* **Information provided**:
#####

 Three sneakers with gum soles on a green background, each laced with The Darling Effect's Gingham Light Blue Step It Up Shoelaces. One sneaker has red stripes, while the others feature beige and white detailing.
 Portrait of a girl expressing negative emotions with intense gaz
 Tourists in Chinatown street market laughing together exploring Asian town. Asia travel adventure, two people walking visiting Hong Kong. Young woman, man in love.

#####

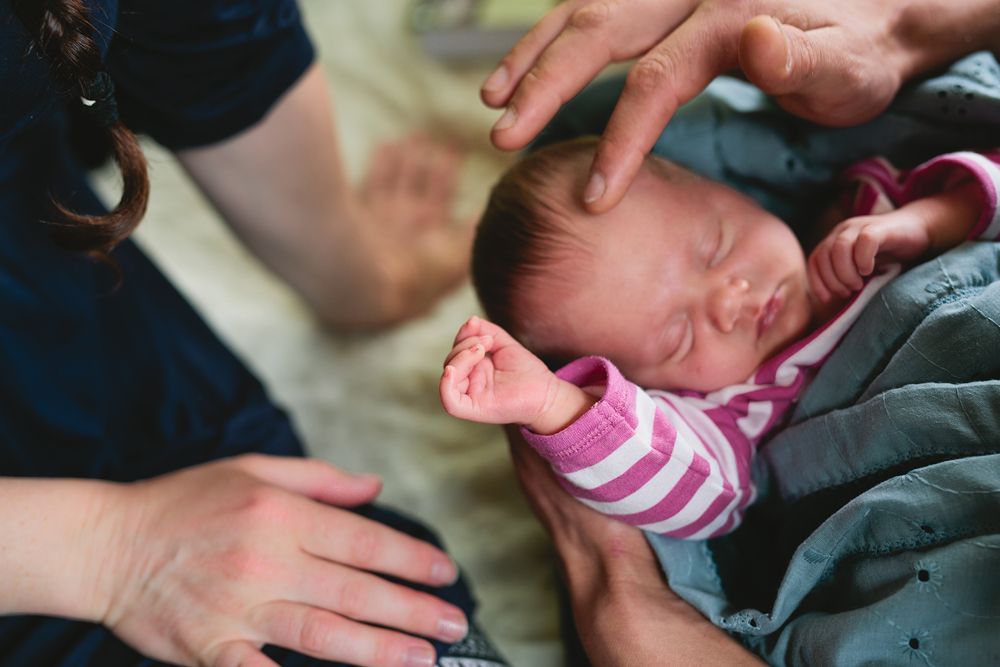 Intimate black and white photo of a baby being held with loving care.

#####

Beginning with the line containing "Portrait of a" in the material above, copy every line exactly until you have copied the line containing "Tourists in Chinatown".

* **Output below**:
 Portrait of a girl expressing negative emotions with intense gaz
 Tourists in Chinatown street market laughing together exploring Asian town. Asia travel adventure, two people walking visiting Hong Kong. Young woman, man in love.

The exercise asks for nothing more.